Hola este integrado es el inmovilizador de kmotor de mi auto, pero tengo una sola llave y si la llego a perder me quedo a pata ya que no voy a poder encencer mi auto, el tema es que yo queria saber como porogramar ese itegrado para hacerle una copia, como leo la memoria interna?

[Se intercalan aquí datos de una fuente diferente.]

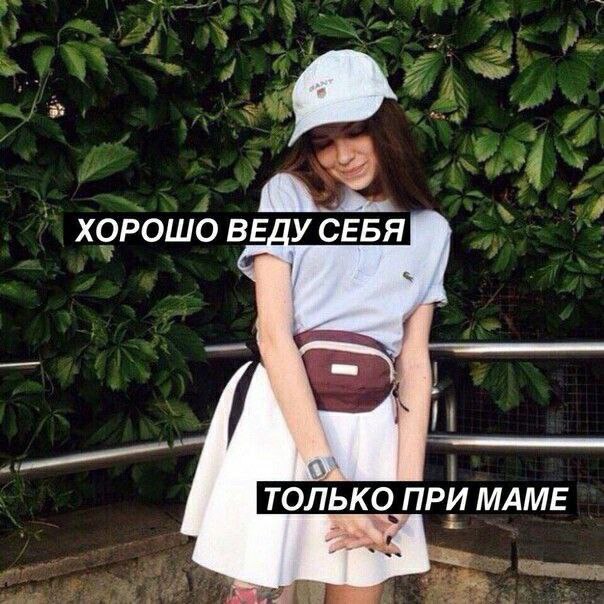 ХОРОШО ВЕДУ СЕБЯ ТОЛЬКО ПРИ МАМЕ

Se comunica con el telemando de la llave o no?

Muchas Gracias


----------



## jaime betancur (Jul 27, 2009)

Hola, yo tambien tengo el mismo lio con mi vehiculo, hasta donde pude averiguar el integrado lo venden, pero se necesita de una maquina especial para duplicarlo, ya que esto es un chip magnetico,  eso es lo que se. si te refieres a telemando el sistema que controla los seguros del vehiculo es que no se comunican, son sistemas a partes.

saludos


----------



## chenteb (Feb 18, 2013)

les comento que yo tengo un chevrolet corsa 2005 y se rompió el encendido de mi auto, cuando busco la pieza para hacer el remplazo me comentan en la refaccionaria que no va a funcionar que tengo que ir a la agencia de la chevrolet para que me hagan encender el auto, pero como me encanta hacer de todo y aprender de todo pues también soy electrónico aficionado, me encontré que esta parte PCF7935AS estaba alojada en las dos llaves que me entrego la agencia, las saque y se las puse a la nueva llave y voala encendió el coche, esto me llevo como 1/2 hora averiguar como funcionaba pero encontré el modo, lo siguiente es que me di un vuelco a su hoja de datos para saber mas y encontré que era un chip programable de forma magnética y también me hice la pregunta, como duplicar esto pues encontré que el programador cuesta aproximadamente unos 1500 pesos mexicanos y lo que haría falta seria el programador para las llaves de chevrolet aquí les dejo una liga para que vean el programador, creo que seria una buena inversión considerando que la agencia casi cobra 2000 pesos por darte una llave nueva, que por cierto a mi me costo 200 pesos el switch de encendido con dos llaves... seguimos en contacto http://www.ecusells.com/goods.php?id=2294


----------